Model Card for Model ID

TaivisionLM

Model Details

English

TaiVisionLM: The First of Its Kind! 🚀

🌟 This is a small (only 1.2B parameters) visual language model on Hugging Face that responds to Traditional Chinese instructions given an image input! 🌟

✨ Developed compatible with the Transformers library, TaiVisionLM is quick to load, fine-tune, and use for lightning-fast inferences without needing any external libraries! ⚡️

Ready to experience the Traditional Chinese visual language model? Let's go! 🖼️🤖

繁體中文

台視: 台灣視覺語言模型!! 🚀

🌟 TaiVisionLM 是一個小型的視覺語言模型(僅有 12 億參數),可以根據圖像輸入來回覆繁體中文指令!🌟

✨ TaiVisionLM 可以用 transformers 載入、微調和使用!⚡️

準備好體驗"臺視"了嗎?讓我們開始吧!🖼️🤖


Model Description

English

This model is a multimodal large language model that combines SigLIP as its vision encoder with Tinyllama as its language model. The vision projector connects the two modalities together. Its architecture closely resembles PaliGemma.
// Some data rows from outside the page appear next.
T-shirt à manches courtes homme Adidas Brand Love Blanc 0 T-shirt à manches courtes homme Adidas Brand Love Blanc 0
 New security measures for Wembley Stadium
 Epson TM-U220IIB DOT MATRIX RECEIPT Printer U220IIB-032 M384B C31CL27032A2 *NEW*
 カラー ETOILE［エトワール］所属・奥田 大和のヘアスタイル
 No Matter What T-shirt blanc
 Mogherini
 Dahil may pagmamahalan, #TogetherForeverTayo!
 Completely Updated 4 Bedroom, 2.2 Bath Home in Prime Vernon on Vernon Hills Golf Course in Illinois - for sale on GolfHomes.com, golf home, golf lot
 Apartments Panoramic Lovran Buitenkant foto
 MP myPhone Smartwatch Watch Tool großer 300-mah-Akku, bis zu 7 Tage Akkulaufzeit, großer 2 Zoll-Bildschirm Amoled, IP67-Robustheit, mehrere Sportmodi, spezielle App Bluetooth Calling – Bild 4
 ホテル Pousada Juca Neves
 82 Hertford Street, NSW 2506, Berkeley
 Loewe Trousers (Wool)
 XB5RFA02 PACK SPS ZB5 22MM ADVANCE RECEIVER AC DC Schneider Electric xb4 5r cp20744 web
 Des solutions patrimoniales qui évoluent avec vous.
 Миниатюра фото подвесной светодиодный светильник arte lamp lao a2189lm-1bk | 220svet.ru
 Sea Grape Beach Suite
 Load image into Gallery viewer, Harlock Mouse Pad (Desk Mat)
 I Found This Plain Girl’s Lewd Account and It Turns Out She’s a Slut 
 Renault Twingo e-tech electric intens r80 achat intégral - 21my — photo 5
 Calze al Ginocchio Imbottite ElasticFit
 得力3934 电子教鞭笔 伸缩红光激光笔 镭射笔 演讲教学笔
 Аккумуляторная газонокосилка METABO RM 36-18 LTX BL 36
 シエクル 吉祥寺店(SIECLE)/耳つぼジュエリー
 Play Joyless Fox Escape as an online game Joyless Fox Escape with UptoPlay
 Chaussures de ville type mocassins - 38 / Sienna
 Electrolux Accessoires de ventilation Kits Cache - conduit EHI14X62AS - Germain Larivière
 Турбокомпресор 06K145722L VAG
Here's the summary of the development process:

  1. Unimodal pretraining

  2. Feature Alignment

    • We trained the vision projector and language model using LoRA using 1M image-text pairs to align visual and textual features.
      This model is the finetuned version of benchang1110/TaiVisionLM-base-v1. We fintuned the model using 1M image-text pairs. The finetuned model will generate a longer and more detailed description of the image.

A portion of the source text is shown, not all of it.